Pubblicato nel: Novembre 2011

Pagine: 224

Si immagini una cittadina delle Marche nell’immediato dopoguerra, Fermo, e si immagini una locale sezione del Pci, fra manovali e contadini, giocatori di carte, comizianti improvvisati, ritratti di Stalin, di Gramsci e del compagno segretario del Partito, Palmiro Togliatti: si immagini infine, là dentro, un proletario adolescente, bocciato dalla scuola fascista che però si proclama poeta, mezzo bracciante e mezzo muratore, ironico e insolente, una specie di Socrate anarchico, da tutti sfottuto e mal tollerato. Palmiro (1986), che torna in libreria dopo decenni di clandestinità, è il romanzo di formazione di uno dei maggiori poeti contemporanei, Luigi Di Ruscio, ed è un libro avvincente, travolgente. Scritto dal basso verso l’alto, guardando alla vita come sopravvivenza, il romanzo ha il ritmo tragicomico di un’epopea picaresca dove il protagonista ne viene combinando di tutti i colori ma rivolge di continuo a se stesso le domande più essenziali: ce la farò a sfangarla e a trovare un lavoro? chi sarà la mia donna? e la rivoluzione, quando scoppia la rivoluzione? Scritto con la felicità inventiva e la cadenza orale che peraltro è tipica della poesia di Di Ruscio, Palmiro ha già avuto lettori d’eccezione come Italo Calvino che ne parla in una lettera come di un fratello del Bardamu di Louis-Ferdinand Céline o del Buon soldato Sc’vèik di Hasek. Il piccolo eroe, infatti, gira a vuoto, continua a non avere né un lavoro né una donna e di rivoluzione neanche se ne parla. Decide dunque di emigrare e prende il treno, così finisce a Oslo a fare l’operaio: è lì che incontra la sua musa-moglie e si inoltra, suo malgrado, nel beato paradiso dei socialdemocratici.

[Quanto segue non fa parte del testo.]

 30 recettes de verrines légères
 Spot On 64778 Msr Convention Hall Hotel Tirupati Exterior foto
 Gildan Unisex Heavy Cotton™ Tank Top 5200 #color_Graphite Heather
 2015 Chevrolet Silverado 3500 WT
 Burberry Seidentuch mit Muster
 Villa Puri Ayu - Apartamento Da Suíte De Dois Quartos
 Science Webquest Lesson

Luigi Di Ruscio (Fermo 1930-Oslo 2011). Emigrato in Norvegia nel 1957. Per quarant’anni ha lavorato a Olso in una fabbrica metallurgica. Ha esordito con la raccolta di versi Non possiamo abituarci a morire (prefazione di Franco Fortini, Schwarz, 1953). La sua produzione poetica prosegue con Le streghe s'arrotano le dentiere (prefazione di Salvatore Quasimodo, Marotta, 1966), Istruzioni per l'uso della repressione (presentazione di Giancarlo Majorino, Savelli, 1980), Firmum (peQuod, 1999), L’ultima raccolta (prefazione di Francesco Leonetti, Manni, 2002), Poesie Operaie (prefazione di Massimo Raffaeli, Ediesse, 2007). Oltre a Palmiro (il lavoro editoriale, 1986, poi Baldini&Castoldi, 1996), in prosa ha pubblicato Le mitologie di Mary (Lietocolle, 2004), Cristi polverizzati (prefazione di Andrea Cortellessa, Le Lettere 2009) e La neve nera di Oslo (Ediesse, 2010).